Thursday,
December 21, 2000
11:30 p.m. We've begun to
re-light the lights that animate the world. Believe it.
Every time you go back down the hall and say "I'm sorry,"
you add to the light. When you smile and give in, instead of
fighting to the death of civility, you win. The world
becomes a slightly brighter place.
There are hands to be held and cups to be filled. There
are fences to mend and snug houses to build. When rhyming
comes upon one, I believe the only sure cure is a stun
gun.
Slight break.
Ok. Ahem. We lit the first Happy Hanukkah candles tonight
and we had latkes and some nice brisket. I listened to
Handel's Messiah while I dug out the candles and the
wrapping paper and the rest of the Christmas things, because
I pack them all together as one holiday bundle.
Tomorrow, I believe we will get our tree. We still have
our tree from last year -- for two slightly good reasons.
First, we had to pay extra for the stand and the stand is
perhaps hard to remove. I'm not sure, exactly; I'm assuming
this is the case. I decorate and undecorate and move on. I
don't look below the surface to see how these things
work.
So, we'd have to remove the stand and then we'd have to
either cut it in half, get it out for the garbage on the
exact right date, or somehow manage to stuff it into the big
green bin. Ouchy ouch ouch ouch, even with gloves on.

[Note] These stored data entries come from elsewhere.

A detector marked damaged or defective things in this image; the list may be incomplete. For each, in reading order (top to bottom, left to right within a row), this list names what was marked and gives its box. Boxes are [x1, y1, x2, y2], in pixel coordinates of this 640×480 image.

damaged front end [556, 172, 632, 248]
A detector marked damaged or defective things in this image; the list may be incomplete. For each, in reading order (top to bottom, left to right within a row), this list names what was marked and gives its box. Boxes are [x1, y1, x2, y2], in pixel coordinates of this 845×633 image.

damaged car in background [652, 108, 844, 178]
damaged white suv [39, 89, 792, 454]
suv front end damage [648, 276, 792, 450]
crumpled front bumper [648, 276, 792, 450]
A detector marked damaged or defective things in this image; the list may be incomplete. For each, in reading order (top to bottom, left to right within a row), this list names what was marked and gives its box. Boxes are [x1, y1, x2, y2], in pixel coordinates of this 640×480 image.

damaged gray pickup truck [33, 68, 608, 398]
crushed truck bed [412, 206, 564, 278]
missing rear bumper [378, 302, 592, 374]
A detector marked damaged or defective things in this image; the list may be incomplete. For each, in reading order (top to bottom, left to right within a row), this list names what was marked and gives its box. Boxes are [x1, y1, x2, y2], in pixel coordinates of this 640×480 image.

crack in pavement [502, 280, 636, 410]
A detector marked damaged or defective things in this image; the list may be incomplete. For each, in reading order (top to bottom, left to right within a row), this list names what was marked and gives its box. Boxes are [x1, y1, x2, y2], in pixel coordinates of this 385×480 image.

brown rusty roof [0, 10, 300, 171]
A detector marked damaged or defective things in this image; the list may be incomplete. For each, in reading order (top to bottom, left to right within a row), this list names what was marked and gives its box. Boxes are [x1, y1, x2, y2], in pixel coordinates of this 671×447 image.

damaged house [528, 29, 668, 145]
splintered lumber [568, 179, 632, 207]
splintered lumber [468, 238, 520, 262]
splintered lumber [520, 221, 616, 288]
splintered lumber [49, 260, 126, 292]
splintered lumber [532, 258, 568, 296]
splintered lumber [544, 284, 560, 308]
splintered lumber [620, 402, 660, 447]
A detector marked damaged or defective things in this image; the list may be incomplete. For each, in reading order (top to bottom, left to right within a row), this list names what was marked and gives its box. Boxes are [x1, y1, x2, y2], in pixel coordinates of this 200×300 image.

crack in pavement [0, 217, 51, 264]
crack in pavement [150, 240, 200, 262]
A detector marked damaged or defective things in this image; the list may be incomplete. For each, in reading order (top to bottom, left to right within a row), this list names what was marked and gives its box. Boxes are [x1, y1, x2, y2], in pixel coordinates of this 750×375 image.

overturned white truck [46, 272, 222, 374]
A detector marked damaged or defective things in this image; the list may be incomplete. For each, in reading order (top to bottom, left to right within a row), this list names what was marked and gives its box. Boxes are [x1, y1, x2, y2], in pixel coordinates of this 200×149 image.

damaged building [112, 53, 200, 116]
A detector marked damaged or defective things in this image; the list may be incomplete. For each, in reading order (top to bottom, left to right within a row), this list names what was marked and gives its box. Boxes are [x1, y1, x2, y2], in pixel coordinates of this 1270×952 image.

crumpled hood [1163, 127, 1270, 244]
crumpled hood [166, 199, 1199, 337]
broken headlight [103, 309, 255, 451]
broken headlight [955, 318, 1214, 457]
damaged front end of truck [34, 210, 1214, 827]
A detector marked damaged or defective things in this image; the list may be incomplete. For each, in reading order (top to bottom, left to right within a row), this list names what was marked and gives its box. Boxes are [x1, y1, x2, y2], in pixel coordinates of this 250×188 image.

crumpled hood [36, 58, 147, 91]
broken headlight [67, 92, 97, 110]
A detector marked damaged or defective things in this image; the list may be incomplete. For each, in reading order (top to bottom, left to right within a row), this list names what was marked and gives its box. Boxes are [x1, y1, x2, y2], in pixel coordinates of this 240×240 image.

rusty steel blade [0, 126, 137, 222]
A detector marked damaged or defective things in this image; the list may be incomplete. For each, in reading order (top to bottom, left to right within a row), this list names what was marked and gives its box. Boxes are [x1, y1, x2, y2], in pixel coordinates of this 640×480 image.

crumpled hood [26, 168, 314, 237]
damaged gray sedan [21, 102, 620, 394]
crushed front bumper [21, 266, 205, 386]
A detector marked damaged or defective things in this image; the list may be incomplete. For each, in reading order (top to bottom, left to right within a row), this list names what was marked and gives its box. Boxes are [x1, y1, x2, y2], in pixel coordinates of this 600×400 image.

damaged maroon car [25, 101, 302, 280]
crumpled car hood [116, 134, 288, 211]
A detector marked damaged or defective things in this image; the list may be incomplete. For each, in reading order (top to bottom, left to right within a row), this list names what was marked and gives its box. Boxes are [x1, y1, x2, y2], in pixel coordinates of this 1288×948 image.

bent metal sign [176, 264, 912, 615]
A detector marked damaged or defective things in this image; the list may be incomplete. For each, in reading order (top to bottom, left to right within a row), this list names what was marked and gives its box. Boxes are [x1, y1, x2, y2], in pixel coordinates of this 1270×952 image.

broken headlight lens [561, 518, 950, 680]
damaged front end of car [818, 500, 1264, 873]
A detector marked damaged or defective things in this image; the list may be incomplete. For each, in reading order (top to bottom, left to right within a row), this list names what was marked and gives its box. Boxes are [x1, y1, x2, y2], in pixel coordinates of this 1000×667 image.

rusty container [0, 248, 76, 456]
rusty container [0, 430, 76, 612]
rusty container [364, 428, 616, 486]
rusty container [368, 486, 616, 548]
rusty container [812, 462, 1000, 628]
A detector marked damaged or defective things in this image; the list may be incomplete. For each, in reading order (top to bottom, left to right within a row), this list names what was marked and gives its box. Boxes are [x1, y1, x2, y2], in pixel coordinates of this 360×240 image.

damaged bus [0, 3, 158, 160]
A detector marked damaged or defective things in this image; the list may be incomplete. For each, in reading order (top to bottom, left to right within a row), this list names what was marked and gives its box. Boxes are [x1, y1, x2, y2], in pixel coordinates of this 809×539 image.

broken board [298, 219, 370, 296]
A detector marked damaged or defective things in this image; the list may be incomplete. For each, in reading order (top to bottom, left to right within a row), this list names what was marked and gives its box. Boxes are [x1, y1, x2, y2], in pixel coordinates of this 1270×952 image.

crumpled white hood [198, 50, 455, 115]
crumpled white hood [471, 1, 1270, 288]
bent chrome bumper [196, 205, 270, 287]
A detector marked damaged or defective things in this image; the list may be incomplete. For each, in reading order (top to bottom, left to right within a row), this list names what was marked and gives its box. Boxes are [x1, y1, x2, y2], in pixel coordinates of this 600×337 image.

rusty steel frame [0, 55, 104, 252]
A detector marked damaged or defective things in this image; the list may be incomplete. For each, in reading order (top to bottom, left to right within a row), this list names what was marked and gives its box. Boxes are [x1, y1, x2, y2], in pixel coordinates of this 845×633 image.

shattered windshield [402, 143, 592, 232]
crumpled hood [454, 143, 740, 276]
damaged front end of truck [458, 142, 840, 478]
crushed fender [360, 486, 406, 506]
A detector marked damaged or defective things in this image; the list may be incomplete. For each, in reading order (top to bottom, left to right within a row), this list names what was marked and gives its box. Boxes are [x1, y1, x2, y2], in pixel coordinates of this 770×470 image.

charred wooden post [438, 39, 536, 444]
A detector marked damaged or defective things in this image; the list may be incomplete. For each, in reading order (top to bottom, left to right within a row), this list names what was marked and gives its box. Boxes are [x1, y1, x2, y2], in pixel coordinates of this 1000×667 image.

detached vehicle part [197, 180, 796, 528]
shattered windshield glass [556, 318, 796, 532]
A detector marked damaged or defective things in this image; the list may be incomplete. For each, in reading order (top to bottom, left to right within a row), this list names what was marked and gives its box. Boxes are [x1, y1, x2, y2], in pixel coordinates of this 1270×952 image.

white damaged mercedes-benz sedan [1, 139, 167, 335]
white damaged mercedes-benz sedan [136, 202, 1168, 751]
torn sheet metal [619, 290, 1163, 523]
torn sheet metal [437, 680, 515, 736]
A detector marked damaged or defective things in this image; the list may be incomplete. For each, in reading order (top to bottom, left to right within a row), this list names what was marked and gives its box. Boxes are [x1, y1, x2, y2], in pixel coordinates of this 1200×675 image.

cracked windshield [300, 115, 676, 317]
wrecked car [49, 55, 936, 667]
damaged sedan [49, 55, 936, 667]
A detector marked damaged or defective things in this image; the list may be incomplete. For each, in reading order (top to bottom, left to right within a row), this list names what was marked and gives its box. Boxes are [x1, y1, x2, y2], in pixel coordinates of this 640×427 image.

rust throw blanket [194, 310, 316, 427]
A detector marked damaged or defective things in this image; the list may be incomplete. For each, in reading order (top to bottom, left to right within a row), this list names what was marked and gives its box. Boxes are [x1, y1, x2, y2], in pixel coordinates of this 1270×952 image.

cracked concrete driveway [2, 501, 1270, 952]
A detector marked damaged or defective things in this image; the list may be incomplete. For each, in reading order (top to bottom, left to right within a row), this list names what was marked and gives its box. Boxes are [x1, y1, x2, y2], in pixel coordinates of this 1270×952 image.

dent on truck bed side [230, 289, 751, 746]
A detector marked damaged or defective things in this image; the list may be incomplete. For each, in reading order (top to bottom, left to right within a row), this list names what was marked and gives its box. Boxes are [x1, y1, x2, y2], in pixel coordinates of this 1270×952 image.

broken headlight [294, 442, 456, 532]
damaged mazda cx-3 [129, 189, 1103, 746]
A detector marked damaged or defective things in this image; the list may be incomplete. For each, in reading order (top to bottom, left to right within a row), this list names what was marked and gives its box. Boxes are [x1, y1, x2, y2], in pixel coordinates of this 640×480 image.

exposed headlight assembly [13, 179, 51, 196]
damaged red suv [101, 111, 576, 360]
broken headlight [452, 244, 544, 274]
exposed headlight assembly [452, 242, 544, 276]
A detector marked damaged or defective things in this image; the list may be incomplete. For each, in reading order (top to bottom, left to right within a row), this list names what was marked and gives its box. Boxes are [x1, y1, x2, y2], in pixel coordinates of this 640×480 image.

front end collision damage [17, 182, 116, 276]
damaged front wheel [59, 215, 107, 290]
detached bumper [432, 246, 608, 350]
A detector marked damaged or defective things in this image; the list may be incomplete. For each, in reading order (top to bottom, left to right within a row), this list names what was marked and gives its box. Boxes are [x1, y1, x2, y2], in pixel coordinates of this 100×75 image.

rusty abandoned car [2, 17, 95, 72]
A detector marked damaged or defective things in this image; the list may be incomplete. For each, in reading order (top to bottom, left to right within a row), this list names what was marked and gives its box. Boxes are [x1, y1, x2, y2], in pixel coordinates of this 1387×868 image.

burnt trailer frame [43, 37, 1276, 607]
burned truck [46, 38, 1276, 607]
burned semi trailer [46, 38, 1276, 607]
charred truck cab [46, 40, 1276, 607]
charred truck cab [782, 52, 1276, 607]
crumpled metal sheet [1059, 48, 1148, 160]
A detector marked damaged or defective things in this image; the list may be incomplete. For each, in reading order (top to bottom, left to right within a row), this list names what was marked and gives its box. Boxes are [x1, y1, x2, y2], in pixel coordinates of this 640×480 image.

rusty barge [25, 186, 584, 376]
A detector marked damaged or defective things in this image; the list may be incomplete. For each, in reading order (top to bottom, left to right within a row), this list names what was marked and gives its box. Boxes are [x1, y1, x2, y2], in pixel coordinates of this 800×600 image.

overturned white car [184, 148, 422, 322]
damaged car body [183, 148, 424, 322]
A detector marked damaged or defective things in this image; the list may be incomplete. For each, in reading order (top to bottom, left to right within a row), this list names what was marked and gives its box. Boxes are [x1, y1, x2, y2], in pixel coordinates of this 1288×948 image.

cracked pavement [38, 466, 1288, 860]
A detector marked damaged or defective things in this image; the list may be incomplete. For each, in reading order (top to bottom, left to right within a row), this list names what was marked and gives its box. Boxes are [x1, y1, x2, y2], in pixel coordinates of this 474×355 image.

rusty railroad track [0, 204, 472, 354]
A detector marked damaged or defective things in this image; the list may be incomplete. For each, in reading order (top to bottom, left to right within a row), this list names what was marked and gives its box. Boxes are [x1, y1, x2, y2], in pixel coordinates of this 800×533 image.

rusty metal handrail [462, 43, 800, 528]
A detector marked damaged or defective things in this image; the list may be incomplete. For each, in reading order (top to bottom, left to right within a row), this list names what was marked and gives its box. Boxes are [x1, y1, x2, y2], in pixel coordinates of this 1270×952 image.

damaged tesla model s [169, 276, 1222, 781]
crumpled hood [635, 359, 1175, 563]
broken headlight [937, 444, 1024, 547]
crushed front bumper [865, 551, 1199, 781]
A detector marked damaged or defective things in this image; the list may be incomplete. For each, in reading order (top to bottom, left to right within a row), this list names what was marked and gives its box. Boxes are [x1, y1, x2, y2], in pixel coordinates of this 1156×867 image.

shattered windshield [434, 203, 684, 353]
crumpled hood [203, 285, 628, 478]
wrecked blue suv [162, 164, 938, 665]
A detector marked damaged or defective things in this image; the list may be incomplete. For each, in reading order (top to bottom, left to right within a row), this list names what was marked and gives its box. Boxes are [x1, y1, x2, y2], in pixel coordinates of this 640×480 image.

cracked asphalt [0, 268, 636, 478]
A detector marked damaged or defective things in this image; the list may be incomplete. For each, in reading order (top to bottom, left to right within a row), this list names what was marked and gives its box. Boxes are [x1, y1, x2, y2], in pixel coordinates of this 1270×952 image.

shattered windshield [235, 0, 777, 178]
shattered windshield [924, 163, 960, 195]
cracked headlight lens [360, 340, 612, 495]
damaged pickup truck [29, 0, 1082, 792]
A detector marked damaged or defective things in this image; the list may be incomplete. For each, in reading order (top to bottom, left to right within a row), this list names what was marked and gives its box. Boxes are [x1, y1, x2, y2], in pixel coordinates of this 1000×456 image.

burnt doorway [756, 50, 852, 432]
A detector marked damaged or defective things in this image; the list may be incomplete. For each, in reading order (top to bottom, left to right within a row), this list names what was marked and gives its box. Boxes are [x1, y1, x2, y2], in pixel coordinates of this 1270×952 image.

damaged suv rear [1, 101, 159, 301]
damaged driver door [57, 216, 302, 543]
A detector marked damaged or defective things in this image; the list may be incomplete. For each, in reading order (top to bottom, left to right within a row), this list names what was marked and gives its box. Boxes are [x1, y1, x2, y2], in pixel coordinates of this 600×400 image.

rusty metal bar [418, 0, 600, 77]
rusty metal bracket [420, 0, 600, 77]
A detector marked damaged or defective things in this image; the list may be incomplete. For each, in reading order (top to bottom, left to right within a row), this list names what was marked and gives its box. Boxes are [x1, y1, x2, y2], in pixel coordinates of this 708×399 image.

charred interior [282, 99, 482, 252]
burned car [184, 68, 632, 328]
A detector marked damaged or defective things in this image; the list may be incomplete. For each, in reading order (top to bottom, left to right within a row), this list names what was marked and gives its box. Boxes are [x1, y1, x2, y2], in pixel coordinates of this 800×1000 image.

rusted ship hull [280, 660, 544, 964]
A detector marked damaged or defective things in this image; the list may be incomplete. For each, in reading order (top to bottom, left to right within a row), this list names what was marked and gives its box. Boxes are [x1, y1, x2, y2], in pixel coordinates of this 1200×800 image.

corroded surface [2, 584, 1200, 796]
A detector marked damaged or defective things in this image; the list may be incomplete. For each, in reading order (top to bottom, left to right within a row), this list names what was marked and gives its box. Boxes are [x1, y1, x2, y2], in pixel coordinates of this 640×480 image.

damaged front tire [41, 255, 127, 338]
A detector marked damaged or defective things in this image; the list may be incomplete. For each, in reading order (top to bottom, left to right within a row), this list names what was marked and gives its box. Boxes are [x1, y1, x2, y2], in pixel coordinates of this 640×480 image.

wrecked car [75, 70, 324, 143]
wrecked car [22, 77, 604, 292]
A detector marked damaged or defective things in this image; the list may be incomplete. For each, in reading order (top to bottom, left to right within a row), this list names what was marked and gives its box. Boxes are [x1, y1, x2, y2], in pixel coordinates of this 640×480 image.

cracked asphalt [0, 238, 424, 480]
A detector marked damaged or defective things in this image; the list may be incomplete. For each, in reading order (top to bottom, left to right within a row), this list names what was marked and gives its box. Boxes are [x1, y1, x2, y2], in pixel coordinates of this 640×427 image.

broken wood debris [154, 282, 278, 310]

So, it's been standing out in the back, looking quite
festive as it turns brown and crinkly. You can imagine that
I've even considered bringing it back inside and decorating
it (very carefully) with maybe diaphanous spidery webs and
popcorn and tinsel, but then I've mused on this idea for a
bit.
See those candles? Each night now, another lit candle and
there's the distinct possibility that the old brown crinkly
tree could become the Hanukkah torch.
So, somehow we're going to try to do it right this year.
Get to the tree place before it shuts down. Put the new tree
and the old tree out for the garbage together, in due time.
There will be looks askance no matter when we put the thing
out there on the curb and the whole entire street will now
know we missed the deadline last year, but really, there
isn't room for two moldering brown trees in the back part of
the property.
It's so hard to be a good citizen and an able neighbor. I
know this is how those crazy old coots got that way.